[Aim of the task]: Since the records include pictures, leave those out while you reproduce exactly and only the lines from the one containing "Thornplate Intimidator" through the one containing "360 Degree Rotation", inclusive.

[Provided information]:
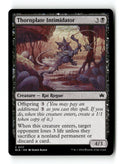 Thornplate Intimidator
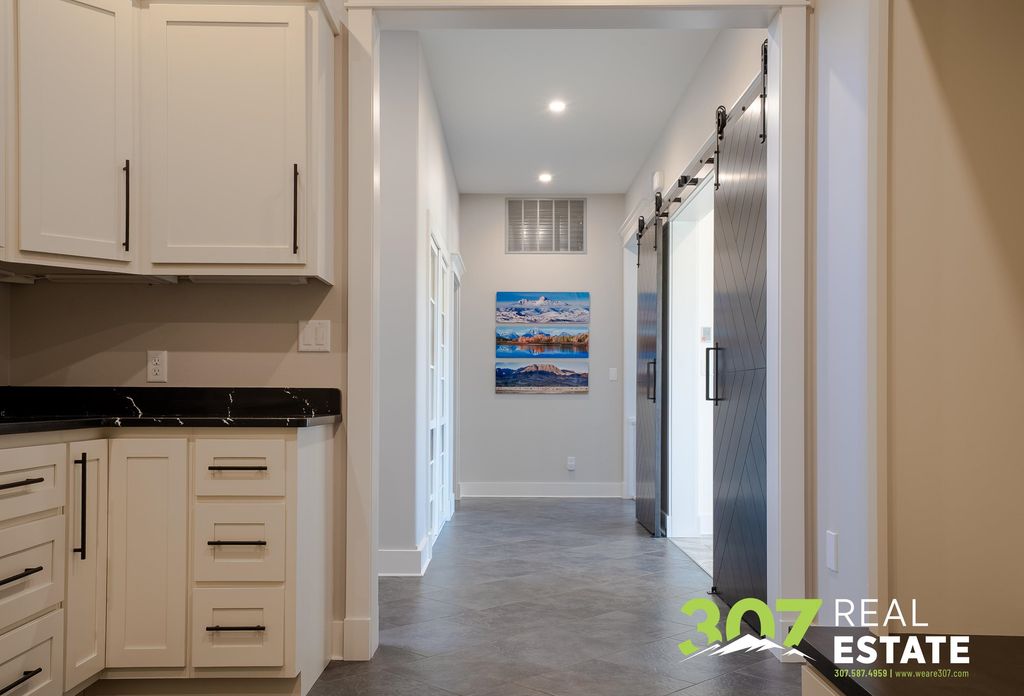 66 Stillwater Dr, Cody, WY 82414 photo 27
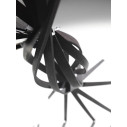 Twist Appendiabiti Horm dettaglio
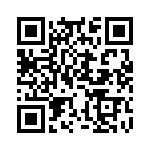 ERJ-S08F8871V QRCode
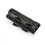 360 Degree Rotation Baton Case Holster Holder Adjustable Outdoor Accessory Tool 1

--

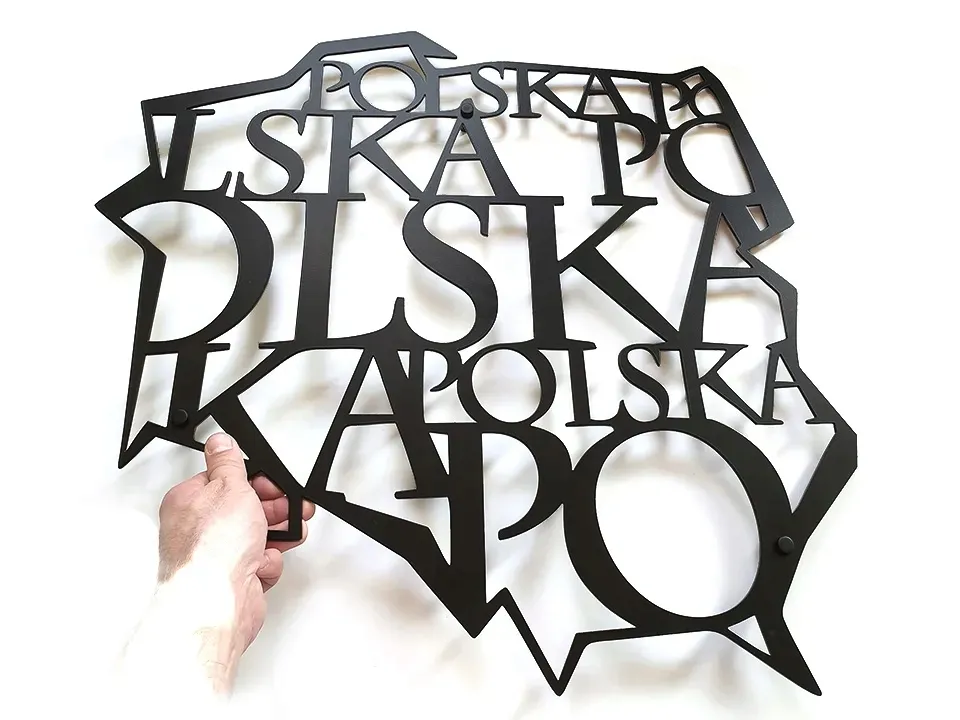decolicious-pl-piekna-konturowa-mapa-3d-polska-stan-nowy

[Response for this exercise]:
 Thornplate Intimidator
 66 Stillwater Dr, Cody, WY 82414 photo 27
 Twist Appendiabiti Horm dettaglio
 ERJ-S08F8871V QRCode
 360 Degree Rotation Baton Case Holster Holder Adjustable Outdoor Accessory Tool 1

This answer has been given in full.